**TASK GOAL**
From the data that follows, set down exactly the lines from the one with "Hearing aid icon isolated" through the one with "The Very Idle Game Game Screenshot", counting both. Pictures stay out.

Web page caption snippets
▬▬▬▬▬▬▬▬▬▬

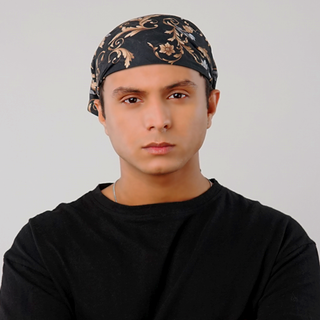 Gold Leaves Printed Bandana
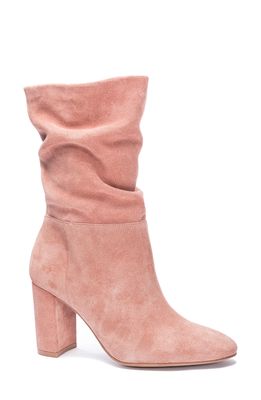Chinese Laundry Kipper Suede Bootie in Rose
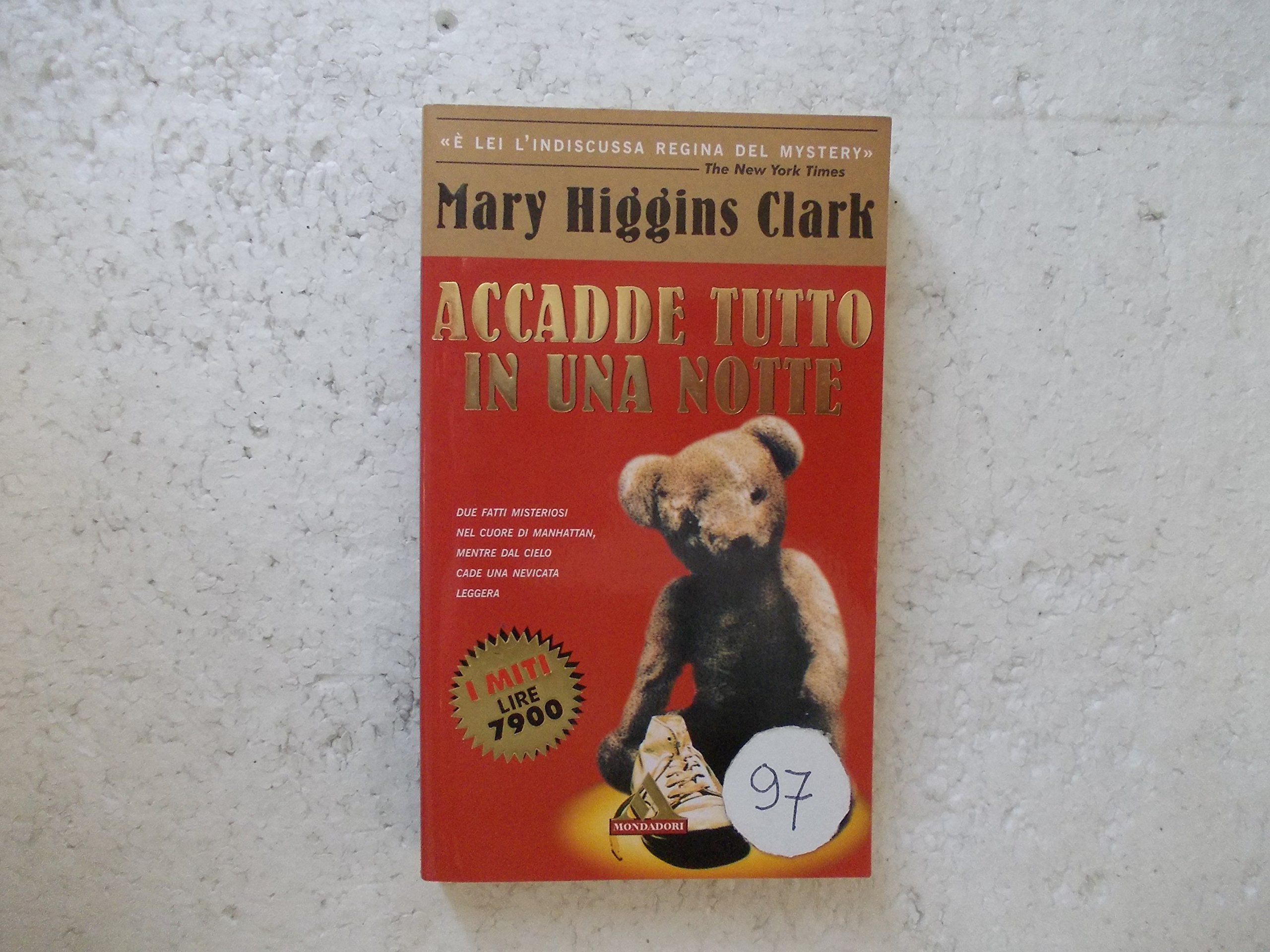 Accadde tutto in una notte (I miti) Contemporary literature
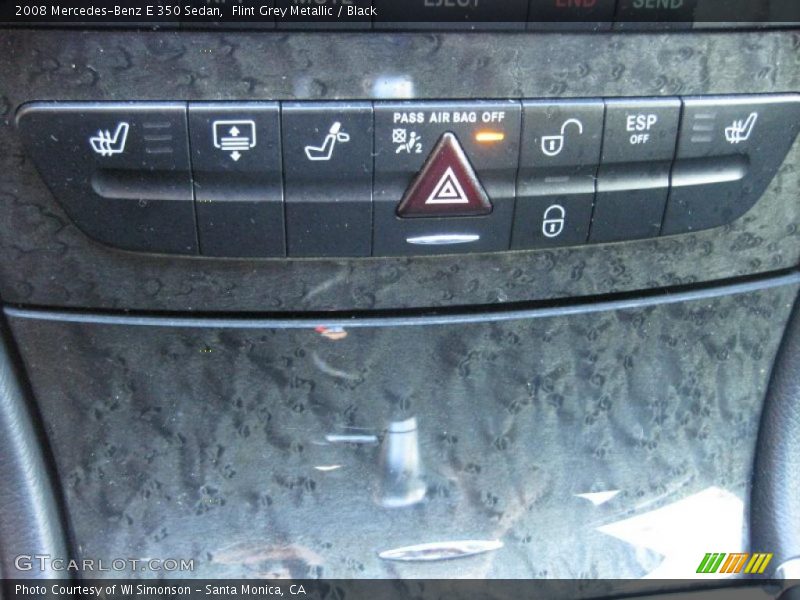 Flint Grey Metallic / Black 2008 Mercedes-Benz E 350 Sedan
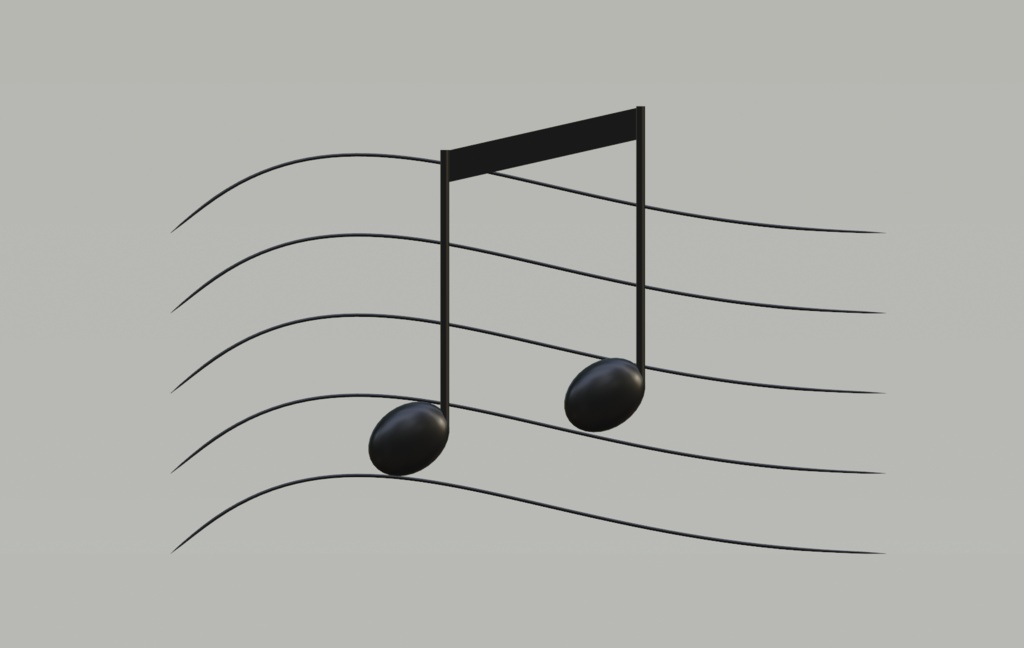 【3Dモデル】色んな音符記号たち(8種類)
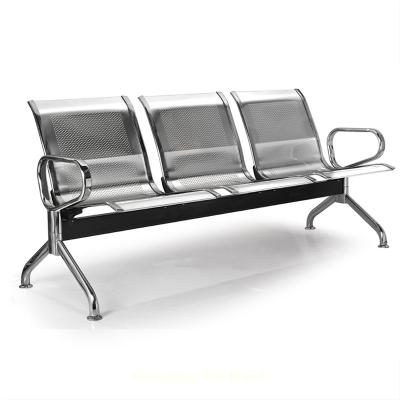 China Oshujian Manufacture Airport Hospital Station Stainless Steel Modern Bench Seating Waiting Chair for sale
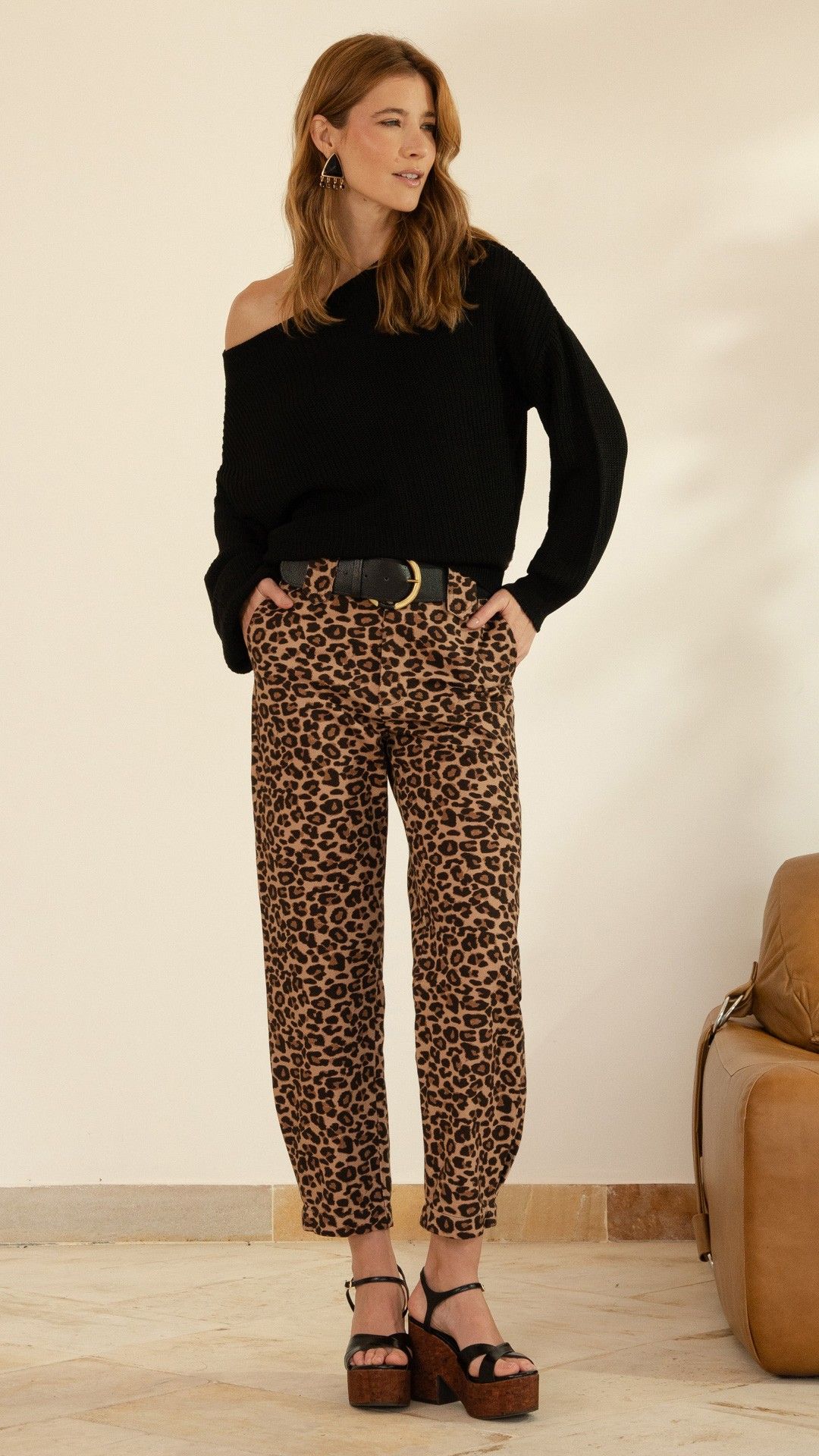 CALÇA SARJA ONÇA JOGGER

▬▬▬▬▬▬▬▬▬▬

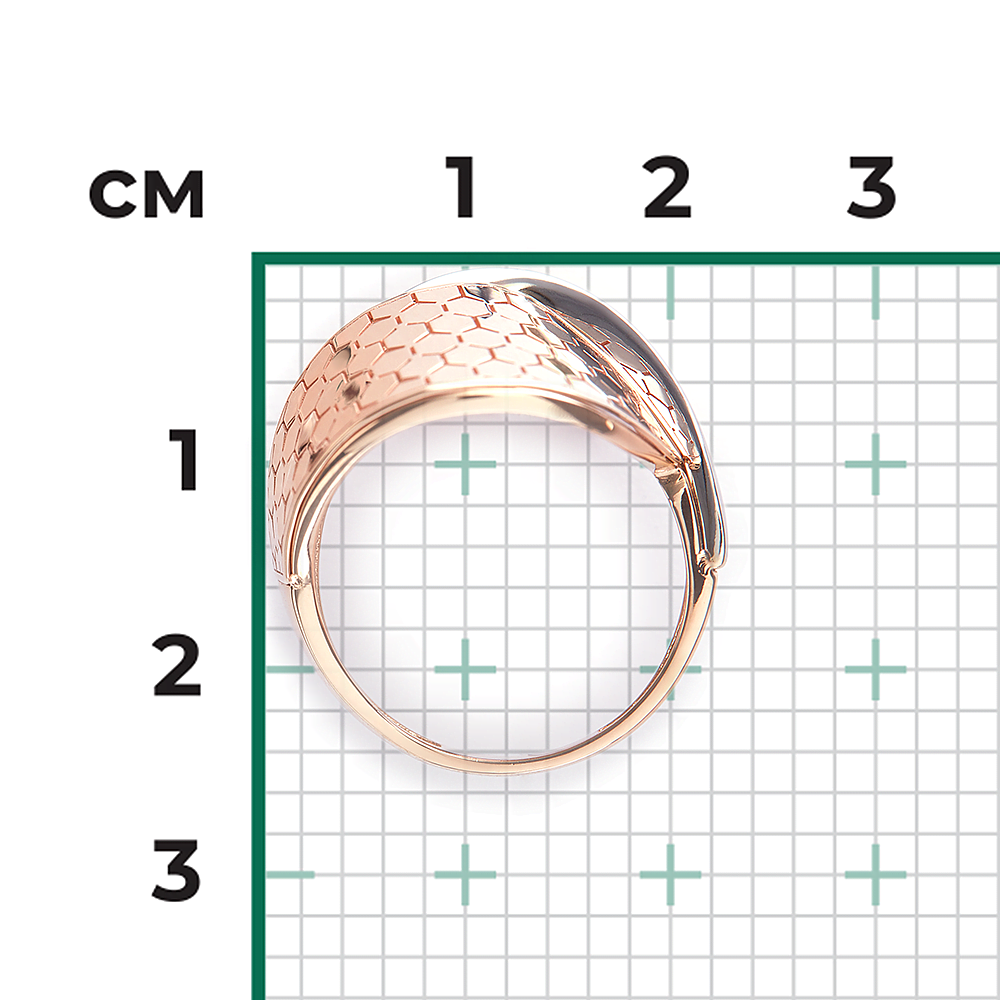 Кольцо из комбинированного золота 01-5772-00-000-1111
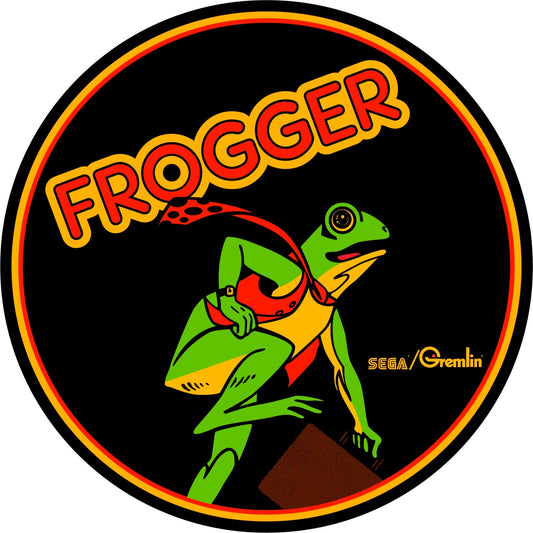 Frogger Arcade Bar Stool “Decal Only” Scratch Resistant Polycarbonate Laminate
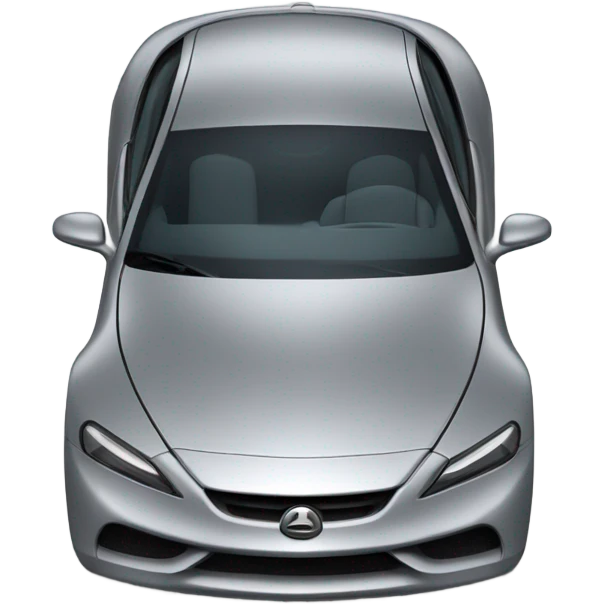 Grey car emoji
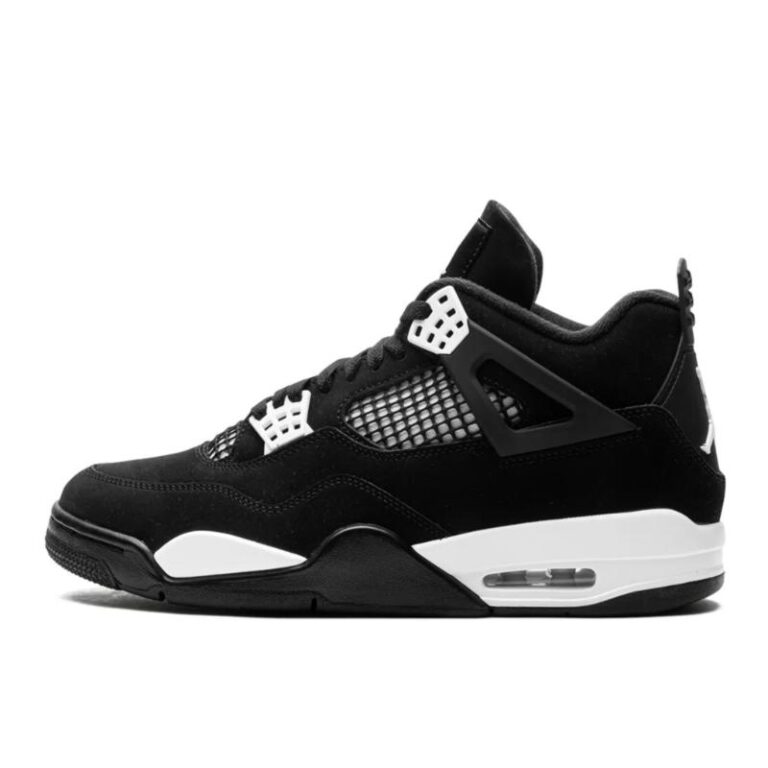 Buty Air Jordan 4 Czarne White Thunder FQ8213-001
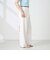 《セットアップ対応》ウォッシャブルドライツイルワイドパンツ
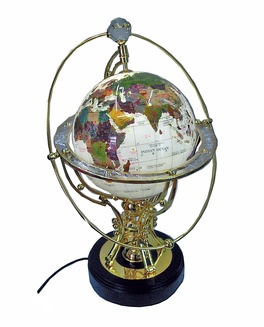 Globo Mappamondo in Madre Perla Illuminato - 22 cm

▬▬▬▬▬▬▬▬▬▬

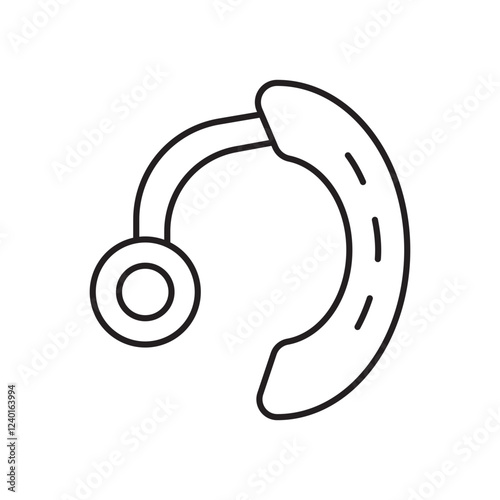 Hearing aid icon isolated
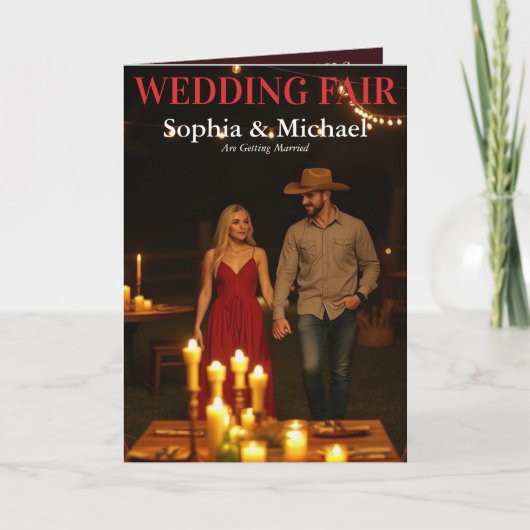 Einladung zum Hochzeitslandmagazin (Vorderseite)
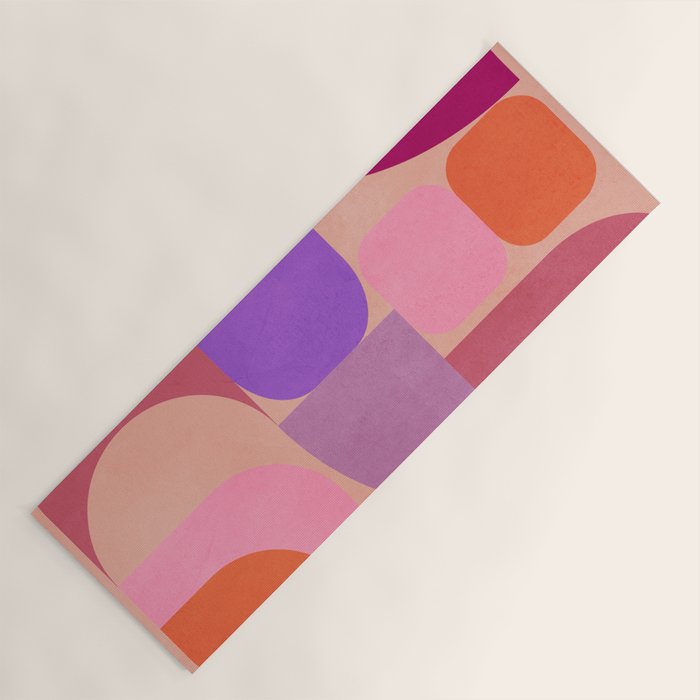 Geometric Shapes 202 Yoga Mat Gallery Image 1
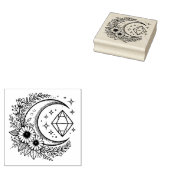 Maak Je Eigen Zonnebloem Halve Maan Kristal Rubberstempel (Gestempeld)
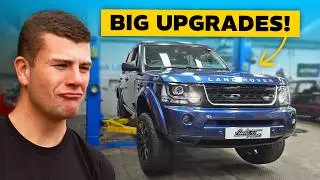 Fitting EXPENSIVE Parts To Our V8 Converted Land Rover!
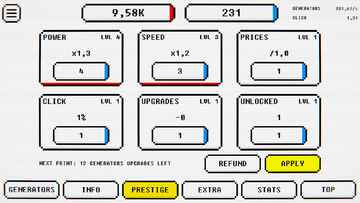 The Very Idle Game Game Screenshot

▬▬▬▬▬▬▬▬▬▬

**EXERCISE RESPONSE**
 Hearing aid icon isolated
 Einladung zum Hochzeitslandmagazin (Vorderseite)
 Geometric Shapes 202 Yoga Mat Gallery Image 1
 Maak Je Eigen Zonnebloem Halve Maan Kristal Rubberstempel (Gestempeld)
 Fitting EXPENSIVE Parts To Our V8 Converted Land Rover!
 The Very Idle Game Game Screenshot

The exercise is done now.